### Supplied material
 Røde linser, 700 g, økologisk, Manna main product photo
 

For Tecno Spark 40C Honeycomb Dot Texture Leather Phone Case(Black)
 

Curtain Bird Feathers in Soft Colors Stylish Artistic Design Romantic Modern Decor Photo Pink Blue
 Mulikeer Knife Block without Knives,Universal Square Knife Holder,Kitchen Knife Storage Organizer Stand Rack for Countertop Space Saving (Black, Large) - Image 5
---
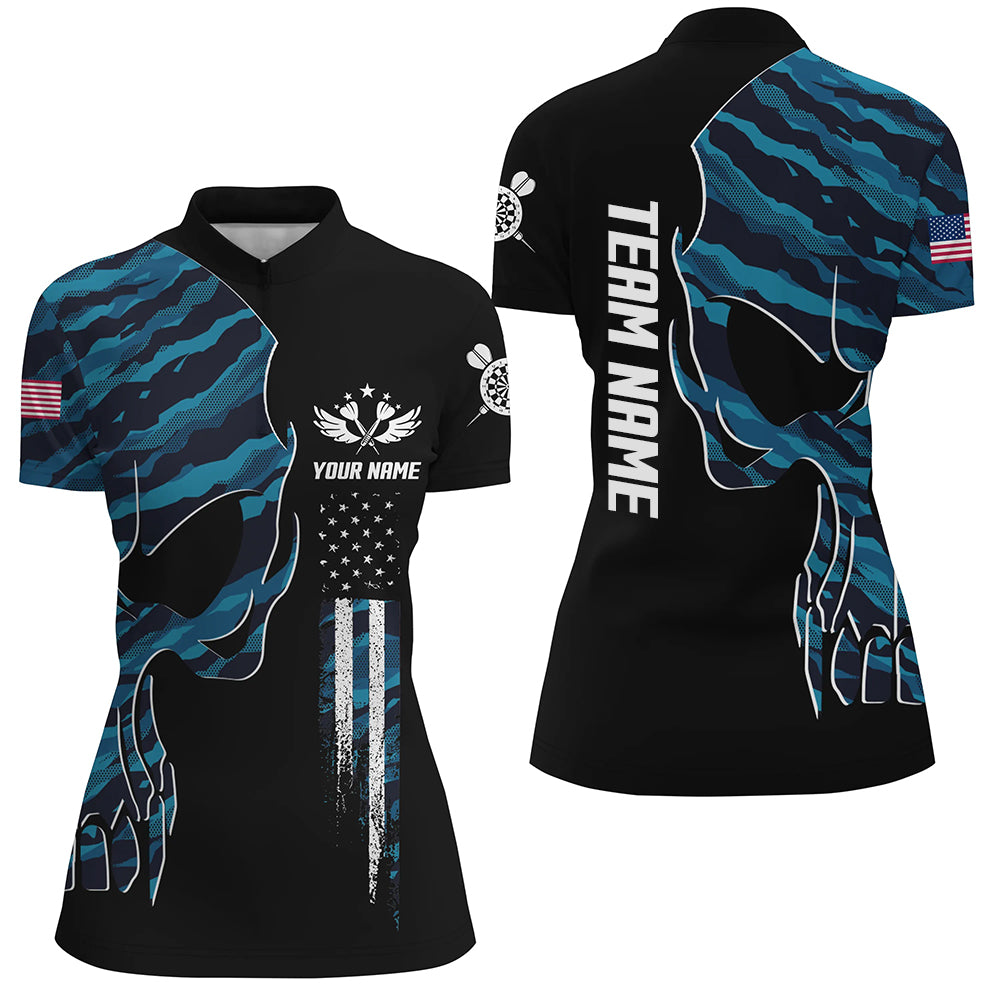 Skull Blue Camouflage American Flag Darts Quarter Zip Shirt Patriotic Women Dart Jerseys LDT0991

### Task to carry out
An exact copy of the lines above, from the one containing "Røde linser, 700" through the one containing "Mulikeer Knife Block", is the whole of the answer.

### Answer to this problem
 Røde linser, 700 g, økologisk, Manna main product photo
 

For Tecno Spark 40C Honeycomb Dot Texture Leather Phone Case(Black)
 

Curtain Bird Feathers in Soft Colors Stylish Artistic Design Romantic Modern Decor Photo Pink Blue
 Mulikeer Knife Block without Knives,Universal Square Knife Holder,Kitchen Knife Storage Organizer Stand Rack for Countertop Space Saving (Black, Large) - Image 5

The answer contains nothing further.